STORAGE DAM AT SAVENAY, FRANCE, AND THE LAND THAT WILL BE INUNDATED WHEN IT IS COMPLETED.
The forestry work of the American Expeditionary Forces was developed to meet the heavy demands of our armies for forest products of all kinds. The first move in this direction was the dispatch to France of the Tenth Engineers, a forestry regiment of two battalions. This was in September, 1917. By the spring of 1918 we had recruited and trained the Twentieth Engineers, a forestry regiment of 10 battalions. Later additional forestry troops were sent across. Shortly before hostilities ceased all these troops were consolidated into a single regiment of 13,000 men, known as the Twentieth Engineers. To this force were added negro service troops to the number of 9,000, making 22,000 men engaged exclusively in the work of cutting down French forests and turning them into lumber required by our forces.
At first we had difficulty in supplying the necessary machinery. Until the sawmills came the forestry troops were engaged in building camps and hewing out railroad ties. In January, 1918, the machine equipment began to arrive. In February our troops cut about 3,500,000 feet of lumber; while in October the cut for the single month had reached the enormous figure of 50,000,000 feet. When the war ended we were expanding our forestry operations in France to produce 1,000,000,000 feet of lumber in a year.

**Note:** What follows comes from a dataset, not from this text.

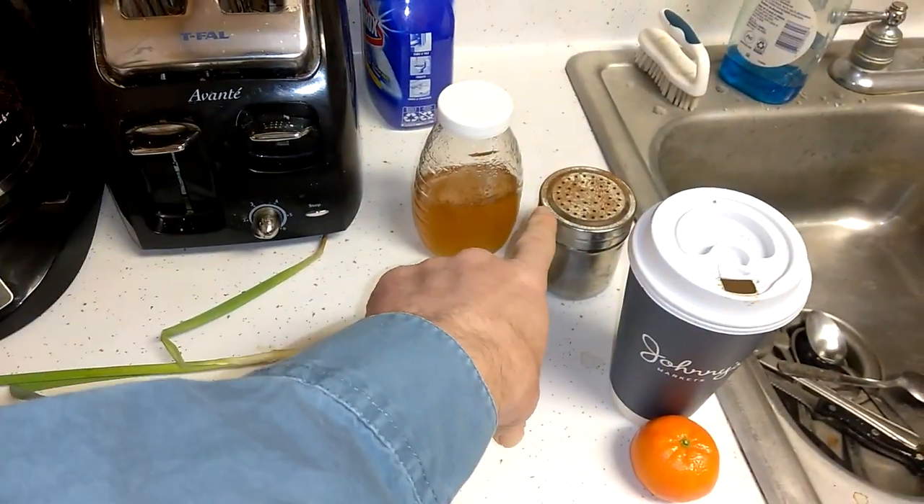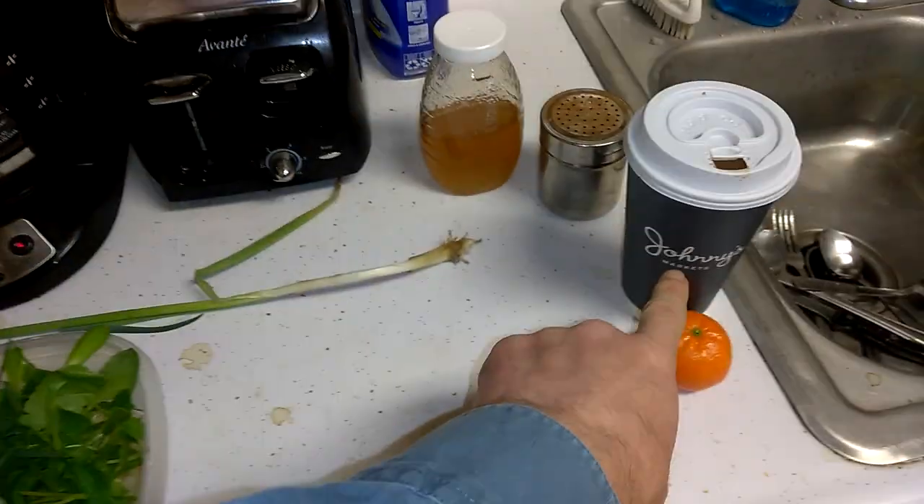But before I went, I made sure I got the honey and the cinnamon inside the coffee. Got a fresh pot going.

The lumber produced by our sawmills in France up to November 30, 1918, would build completely enough barrack buildings 20 feet wide to stretch out to a distance of 600 miles if placed end to end, quarters enough for 3,107,600 men. In addition to this output the railroad ties produced would build 1,091 miles of standard-gauge railway and the small ties for the 24-inch track would build a double-track railroad behind 185 miles of trenches.
Just the posts and poles produced, if all cut into 6-foot posts, would be sufficient to support a wire fence, with posts one rod apart, reaching one-third of the distance around the earth. The piling, if stood end to end, would make a flagpole 362 miles high. The cord-wood produced would make a rack 1 yard wide, 1 yard high, and 600 miles long.